The goal: Every day, one new thought, some of which I will even post.

Day 1: Passion ebbs and flows, comes and goes, throws cool out the moving window. One deep breath was all I needed to know it's ebbing my way. The autumn of Steve. Finally.

Maybe it was a trek back to the campus of Gloucester County Community College, site of many meaningless cross-country meets that unmanned me in high school, that dusted off some familiar emotions tonight.

The charm of a school that boasts nothing is its welcomeness. Come, go, loiter, whatever; it's cool. It's like a friend – a friend who will probably never help me advance professionally, but one who will always be there. Why? Because he’s not going anywhere. Oh.
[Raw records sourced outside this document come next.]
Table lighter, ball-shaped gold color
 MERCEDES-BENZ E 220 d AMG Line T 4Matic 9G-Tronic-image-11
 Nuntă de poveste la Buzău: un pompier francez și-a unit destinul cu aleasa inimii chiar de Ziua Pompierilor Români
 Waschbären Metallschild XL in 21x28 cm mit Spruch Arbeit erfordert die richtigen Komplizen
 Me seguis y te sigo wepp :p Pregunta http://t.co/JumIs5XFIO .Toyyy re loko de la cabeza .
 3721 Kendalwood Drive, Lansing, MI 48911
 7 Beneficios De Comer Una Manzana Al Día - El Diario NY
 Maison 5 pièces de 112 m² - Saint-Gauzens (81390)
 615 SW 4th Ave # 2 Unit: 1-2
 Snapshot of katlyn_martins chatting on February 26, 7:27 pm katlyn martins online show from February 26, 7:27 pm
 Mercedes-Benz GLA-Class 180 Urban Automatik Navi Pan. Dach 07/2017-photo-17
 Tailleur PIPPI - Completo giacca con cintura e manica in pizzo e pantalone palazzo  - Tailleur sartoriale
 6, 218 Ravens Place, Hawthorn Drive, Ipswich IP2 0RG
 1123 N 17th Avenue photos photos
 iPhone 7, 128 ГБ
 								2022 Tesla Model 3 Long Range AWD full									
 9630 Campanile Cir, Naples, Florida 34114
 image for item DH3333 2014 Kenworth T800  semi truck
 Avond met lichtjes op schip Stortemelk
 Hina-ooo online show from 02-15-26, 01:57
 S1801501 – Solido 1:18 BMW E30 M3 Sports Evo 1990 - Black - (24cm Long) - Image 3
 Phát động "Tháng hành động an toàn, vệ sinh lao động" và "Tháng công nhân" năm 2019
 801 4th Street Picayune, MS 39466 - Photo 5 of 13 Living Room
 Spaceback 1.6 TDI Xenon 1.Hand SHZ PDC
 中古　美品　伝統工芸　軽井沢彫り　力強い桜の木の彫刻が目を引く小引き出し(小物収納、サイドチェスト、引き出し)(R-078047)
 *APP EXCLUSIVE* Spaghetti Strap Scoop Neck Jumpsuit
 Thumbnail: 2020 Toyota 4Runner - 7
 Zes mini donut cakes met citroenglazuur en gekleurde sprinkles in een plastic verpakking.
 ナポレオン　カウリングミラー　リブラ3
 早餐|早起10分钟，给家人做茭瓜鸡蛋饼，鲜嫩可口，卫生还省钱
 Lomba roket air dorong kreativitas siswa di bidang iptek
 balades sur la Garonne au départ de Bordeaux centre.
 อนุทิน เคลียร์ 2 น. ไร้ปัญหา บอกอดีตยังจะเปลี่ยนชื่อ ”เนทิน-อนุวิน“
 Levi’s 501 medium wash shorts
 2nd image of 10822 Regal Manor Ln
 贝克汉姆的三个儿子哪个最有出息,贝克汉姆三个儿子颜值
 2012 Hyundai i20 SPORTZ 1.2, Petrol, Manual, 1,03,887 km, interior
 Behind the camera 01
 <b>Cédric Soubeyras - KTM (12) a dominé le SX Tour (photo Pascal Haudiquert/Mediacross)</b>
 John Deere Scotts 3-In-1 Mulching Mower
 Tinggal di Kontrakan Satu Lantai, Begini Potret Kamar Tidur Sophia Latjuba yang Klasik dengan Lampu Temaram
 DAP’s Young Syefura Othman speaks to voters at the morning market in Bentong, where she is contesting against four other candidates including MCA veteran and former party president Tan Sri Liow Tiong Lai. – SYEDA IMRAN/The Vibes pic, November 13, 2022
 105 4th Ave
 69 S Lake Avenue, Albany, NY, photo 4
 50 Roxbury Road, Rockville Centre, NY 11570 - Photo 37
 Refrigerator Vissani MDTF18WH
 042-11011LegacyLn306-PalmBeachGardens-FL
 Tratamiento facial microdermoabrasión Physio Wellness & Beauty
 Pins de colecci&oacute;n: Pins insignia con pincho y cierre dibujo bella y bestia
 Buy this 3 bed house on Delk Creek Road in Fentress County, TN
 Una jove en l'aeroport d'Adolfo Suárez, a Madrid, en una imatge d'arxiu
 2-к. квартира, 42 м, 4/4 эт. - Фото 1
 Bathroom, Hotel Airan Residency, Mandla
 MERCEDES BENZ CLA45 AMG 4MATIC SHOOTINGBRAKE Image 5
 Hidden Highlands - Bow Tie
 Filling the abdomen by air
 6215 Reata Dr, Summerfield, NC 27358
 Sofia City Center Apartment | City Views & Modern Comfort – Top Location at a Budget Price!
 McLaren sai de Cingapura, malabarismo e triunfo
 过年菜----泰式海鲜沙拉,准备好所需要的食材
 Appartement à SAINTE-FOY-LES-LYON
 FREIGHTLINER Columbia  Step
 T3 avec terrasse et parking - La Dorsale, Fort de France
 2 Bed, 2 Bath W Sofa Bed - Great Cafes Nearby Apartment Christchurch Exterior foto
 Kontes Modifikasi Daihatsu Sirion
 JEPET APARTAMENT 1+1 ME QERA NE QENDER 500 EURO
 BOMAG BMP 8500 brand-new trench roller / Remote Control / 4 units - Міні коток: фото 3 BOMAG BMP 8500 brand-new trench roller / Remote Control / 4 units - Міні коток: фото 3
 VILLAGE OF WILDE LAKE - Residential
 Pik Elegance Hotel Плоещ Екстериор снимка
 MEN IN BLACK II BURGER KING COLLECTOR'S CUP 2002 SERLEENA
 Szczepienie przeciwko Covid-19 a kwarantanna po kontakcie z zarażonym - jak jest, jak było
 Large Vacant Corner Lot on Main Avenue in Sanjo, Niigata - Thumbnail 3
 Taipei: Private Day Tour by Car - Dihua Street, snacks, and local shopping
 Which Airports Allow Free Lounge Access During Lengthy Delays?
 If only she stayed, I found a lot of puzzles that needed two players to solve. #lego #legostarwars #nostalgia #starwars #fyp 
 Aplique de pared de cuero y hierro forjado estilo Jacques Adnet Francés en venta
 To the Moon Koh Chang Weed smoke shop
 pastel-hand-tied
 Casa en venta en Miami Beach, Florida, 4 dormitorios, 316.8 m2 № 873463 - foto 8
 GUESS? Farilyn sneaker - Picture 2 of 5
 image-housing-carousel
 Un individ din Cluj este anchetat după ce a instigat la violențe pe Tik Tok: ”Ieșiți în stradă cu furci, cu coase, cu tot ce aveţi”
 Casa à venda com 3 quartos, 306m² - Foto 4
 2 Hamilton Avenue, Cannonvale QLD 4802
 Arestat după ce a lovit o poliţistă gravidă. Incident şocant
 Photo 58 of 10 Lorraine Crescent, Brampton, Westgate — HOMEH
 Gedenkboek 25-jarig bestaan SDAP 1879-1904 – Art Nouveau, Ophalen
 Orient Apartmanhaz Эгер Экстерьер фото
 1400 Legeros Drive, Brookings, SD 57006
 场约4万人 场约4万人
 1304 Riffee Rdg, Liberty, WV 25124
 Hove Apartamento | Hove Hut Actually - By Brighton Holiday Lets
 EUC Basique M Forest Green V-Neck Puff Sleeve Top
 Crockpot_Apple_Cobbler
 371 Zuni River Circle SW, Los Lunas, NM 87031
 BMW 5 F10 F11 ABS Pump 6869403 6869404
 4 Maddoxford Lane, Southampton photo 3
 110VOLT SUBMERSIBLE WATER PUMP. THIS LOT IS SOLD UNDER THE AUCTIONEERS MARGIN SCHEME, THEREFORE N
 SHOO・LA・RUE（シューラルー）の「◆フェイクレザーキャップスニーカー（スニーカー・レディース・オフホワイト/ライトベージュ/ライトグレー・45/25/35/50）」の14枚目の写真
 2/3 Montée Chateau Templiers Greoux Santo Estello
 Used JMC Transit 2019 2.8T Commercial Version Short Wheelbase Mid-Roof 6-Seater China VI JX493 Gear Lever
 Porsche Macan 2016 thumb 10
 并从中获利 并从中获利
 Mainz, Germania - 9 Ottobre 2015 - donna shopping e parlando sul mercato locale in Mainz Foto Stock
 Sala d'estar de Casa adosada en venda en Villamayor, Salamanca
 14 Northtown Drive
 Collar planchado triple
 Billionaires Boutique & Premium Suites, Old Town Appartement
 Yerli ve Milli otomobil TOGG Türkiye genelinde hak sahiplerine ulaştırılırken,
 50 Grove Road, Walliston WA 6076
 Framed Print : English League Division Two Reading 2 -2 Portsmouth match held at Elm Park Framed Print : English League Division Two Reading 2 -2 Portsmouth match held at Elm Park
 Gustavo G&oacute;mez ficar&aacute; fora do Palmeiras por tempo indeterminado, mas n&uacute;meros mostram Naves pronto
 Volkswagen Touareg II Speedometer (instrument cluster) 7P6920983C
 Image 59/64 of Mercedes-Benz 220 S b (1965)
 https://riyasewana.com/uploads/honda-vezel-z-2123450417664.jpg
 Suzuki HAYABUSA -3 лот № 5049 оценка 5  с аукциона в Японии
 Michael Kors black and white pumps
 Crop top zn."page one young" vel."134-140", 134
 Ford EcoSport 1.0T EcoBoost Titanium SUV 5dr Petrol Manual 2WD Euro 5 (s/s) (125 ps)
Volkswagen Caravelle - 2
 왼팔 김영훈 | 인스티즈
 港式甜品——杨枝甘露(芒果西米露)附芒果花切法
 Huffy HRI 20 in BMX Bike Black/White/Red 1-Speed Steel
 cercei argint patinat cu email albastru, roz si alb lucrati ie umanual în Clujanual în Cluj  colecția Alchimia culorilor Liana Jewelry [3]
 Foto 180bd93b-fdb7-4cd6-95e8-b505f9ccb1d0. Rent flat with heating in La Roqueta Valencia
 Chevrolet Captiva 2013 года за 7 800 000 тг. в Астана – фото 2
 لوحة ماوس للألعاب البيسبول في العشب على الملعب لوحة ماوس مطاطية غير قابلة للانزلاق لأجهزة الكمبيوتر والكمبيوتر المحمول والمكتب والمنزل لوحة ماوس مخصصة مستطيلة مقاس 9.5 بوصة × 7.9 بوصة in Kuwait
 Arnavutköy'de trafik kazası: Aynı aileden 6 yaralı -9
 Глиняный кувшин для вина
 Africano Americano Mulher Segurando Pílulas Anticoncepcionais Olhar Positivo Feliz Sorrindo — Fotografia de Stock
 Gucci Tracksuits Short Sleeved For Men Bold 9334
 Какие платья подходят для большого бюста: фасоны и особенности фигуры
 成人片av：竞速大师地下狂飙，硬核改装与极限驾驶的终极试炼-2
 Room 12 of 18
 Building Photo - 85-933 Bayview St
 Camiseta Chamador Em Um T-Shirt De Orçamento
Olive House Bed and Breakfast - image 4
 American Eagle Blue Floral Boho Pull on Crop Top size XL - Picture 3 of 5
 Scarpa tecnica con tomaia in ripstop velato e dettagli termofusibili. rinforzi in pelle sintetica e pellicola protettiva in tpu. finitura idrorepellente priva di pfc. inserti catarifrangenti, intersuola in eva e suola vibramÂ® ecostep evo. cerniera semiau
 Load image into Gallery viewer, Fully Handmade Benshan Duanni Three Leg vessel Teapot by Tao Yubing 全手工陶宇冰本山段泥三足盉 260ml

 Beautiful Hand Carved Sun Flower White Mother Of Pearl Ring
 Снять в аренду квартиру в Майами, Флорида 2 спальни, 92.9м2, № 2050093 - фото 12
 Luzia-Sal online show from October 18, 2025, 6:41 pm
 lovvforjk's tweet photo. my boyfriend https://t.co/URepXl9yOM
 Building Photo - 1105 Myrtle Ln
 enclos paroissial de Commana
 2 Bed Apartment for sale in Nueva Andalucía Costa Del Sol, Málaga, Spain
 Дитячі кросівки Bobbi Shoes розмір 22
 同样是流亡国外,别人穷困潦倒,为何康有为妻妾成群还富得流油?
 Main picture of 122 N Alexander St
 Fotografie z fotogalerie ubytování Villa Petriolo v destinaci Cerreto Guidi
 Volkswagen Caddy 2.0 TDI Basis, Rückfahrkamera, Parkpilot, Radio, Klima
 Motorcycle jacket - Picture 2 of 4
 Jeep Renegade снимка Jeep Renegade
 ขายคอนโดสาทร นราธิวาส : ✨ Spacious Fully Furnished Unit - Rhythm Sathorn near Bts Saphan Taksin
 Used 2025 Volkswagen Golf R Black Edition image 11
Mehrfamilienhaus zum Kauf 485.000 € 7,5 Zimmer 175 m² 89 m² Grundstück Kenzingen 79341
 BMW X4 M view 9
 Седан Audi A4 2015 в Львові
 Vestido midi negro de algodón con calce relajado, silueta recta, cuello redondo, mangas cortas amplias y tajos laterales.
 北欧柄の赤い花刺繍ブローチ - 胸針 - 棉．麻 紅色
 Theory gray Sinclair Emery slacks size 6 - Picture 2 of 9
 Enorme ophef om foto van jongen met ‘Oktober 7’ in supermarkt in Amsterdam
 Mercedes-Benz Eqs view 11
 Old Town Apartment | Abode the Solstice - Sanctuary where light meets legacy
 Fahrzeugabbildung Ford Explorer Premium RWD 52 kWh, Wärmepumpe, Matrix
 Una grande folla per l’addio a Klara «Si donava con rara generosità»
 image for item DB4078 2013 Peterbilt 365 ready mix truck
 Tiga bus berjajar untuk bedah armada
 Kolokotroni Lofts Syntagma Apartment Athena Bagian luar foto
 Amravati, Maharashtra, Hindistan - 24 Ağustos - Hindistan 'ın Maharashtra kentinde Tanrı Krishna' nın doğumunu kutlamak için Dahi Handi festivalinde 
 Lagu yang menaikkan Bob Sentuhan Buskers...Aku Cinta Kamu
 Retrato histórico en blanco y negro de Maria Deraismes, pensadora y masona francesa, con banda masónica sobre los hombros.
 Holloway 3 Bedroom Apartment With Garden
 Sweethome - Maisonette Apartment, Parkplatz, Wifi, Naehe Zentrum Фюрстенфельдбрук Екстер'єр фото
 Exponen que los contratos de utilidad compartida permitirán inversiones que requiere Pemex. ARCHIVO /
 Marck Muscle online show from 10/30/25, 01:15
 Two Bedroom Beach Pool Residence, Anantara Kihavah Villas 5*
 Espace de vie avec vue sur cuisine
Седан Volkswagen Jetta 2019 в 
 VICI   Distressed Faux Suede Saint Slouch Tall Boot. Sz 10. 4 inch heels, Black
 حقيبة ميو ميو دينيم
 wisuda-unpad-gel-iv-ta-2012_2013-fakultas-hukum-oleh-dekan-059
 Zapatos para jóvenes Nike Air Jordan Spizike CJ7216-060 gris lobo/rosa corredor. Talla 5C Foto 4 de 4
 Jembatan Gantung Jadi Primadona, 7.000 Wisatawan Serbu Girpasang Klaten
Compare a walk through a community college with that of a four-year school: no eyeballing by security; no brochure pushing by soapbox psychos; no professing of a higher degree by professors; and much less hamming by acoustic Casanovas, I'm sure.

This was the big fish revisiting the small pond, the home it once so desperately sought escape from for reasons that now escape him. All it knows is that something has returned with its homecoming. In the back of its mind it knows that it’s no bigger, that any change in confidence is due to a change in atmosphere, but as long as the thought stays back, it can live with that. Why? Because it's a fucking fish. Oh.

I was thinking about none of this when strapping on my running shoes tonight. I also wore black short shorts, a clip-on MP3 player and connecting earphones that hooked around the lobes. No shirt. After all, this wasn't Denny's or anything upscale.

The sun was a couple lullabies – or whatever – from fully setting and it only got darker once in the wooded trails. (Because night is arriving and I'm running in the shade. Keep up.) The seven-mile course is comprised of a few memorable stretches: three rolling trails disjointed by roads; one abandoned railroad; another trail; and one paved right angle back to my car. I feel like you should know this.

It was tough to see in Trail 1, nearly impossible by Trail 3 (Mile 3.5). Despite squinting worse than most moles, I always believed I could see in the dark, not in the infrared night-vision sense, but more like in a superhuman way to anticipate – and to adjust to – new landscape flying by at a lightning fast 8 mph. Blind at day, visually impaired at night. This was my gift, surely courtesy of some radioactive spider.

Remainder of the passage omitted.